January 30, 2008 - 11:35am
by Shannon Sollinger @ Loudoun Times-Mirror

Circuit Court Judge Thomas D. Horne has not yet ruled on two Freedom of Information Act cases that came before him Jan. 28 involving questions of alleged influence on supervisors' land-use decisions. But, he cautioned, "I am not ruling that every record in a public official's possession is a public record."

District Court Judge Dean Worcester ruled late last year that Board of Supervisors Chairman Scott York (I-at large) and Supervisor Jim Burton (I-Blue Ridge) must turn over to Sally Mann all e-mails from their home computers that they had withheld from her FOIA requests on grounds that the e-mails in question are personal, not public.

York and Burton, and Supervisor Lori Waters (R-Broad Run) in a third FOIA request from Mann, appealed those decisions to Circuit Court.

Mann, of Hamilton, has brought the three FOIA cases and a challenge to the legitimacy of the Hillbrook Agricultural District. She charges that the three supervisors have corresponded with seven named individuals who, she claimed, have lobbied against her application to subdivide and develop 35 acres on Harmony Church Road, south of Hamilton.

Assistant County Attorney Milissa Spring argued in November in the Waters case, before Worcester, that public officials still have private lives, and that the personal part of their lives is not subject to public disclosure.

Worcester differed: "It does not meet the purpose of FOIA that the official can decide what is public or private."

Horne said he had to "respectfully disagree" with Worcester's broad interpretation of FOIA. "The General Assembly never intended that every record in the possession of a public official is a public record subject to FOIA," he said.

The issue now, he said, is "how does the court define" personal and public.

Mann, formerly but not currently licensed to practice law in Virginia, represented herself in the appeal before Horne. She conceded that her request was for "public records" but argued that any correspondence between a public official and a constituent is a public record.

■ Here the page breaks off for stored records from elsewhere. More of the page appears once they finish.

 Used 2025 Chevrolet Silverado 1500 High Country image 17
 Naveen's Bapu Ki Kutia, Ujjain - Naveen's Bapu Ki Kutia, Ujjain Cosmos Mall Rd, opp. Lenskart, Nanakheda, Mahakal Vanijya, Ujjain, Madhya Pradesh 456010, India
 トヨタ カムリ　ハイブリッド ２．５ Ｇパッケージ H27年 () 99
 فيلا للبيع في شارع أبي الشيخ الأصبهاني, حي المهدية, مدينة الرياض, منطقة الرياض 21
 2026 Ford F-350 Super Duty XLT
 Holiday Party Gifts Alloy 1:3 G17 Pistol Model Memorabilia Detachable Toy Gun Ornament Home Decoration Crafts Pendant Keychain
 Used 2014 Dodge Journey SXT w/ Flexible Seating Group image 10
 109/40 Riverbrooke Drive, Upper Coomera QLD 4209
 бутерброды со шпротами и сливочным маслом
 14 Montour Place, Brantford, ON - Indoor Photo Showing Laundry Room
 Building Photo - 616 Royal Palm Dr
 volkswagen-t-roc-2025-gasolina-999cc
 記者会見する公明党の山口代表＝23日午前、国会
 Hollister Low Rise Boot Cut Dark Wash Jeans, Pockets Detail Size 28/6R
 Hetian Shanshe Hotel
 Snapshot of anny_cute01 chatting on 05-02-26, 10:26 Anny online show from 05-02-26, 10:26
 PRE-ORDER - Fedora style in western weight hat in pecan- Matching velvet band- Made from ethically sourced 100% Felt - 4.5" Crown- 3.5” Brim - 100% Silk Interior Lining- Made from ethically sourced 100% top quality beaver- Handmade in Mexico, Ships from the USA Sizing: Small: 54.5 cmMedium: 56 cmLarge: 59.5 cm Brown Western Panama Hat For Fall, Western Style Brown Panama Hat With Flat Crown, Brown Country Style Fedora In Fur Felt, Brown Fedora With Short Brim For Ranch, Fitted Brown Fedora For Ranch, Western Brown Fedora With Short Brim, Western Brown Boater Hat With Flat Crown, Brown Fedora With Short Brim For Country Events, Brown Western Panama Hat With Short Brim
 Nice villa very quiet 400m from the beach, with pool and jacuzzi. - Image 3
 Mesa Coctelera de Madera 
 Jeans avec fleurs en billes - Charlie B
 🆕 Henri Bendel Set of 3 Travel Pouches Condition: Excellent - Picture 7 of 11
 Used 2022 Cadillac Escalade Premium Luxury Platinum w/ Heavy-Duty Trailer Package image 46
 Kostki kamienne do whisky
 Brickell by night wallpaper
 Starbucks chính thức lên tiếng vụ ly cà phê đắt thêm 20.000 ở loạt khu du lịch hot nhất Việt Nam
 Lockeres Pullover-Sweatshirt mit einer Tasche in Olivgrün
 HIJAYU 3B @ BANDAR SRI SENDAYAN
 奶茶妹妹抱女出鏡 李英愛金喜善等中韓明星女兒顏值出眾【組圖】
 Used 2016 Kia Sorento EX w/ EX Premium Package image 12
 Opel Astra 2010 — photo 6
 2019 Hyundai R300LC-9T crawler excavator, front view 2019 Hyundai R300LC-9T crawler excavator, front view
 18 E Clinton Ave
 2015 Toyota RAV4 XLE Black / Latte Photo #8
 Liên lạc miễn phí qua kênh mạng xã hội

Dean Settle, of Lovettsville and one of the seven named correspondents, testified that he had intentionally put the name of Chris Curto, a contact at the Republican Party of Virginia, on the forwarding list of an e-mail he sent Burton, "just to see how far [Mann] would go."

Mann included Curto on the list of the seven individuals corresponding with the supervisors. "I call it a trap door," Settle said later.

Curto, Settle testified, "is in no way, shape or form known to Jim Burton."

Settle later described himself as not an activist but "an individual with loud opinions."

Mann also argued that York's office had overcharged her for complying with her request for documents.

York's aide, Keith Nusbaum, testified that conducting a personal search through 24 binders of e-mails to the Board of Supervisors -- as he was ordered to do by Worcester in court on Oct. 10 -- took him 18.5 hours.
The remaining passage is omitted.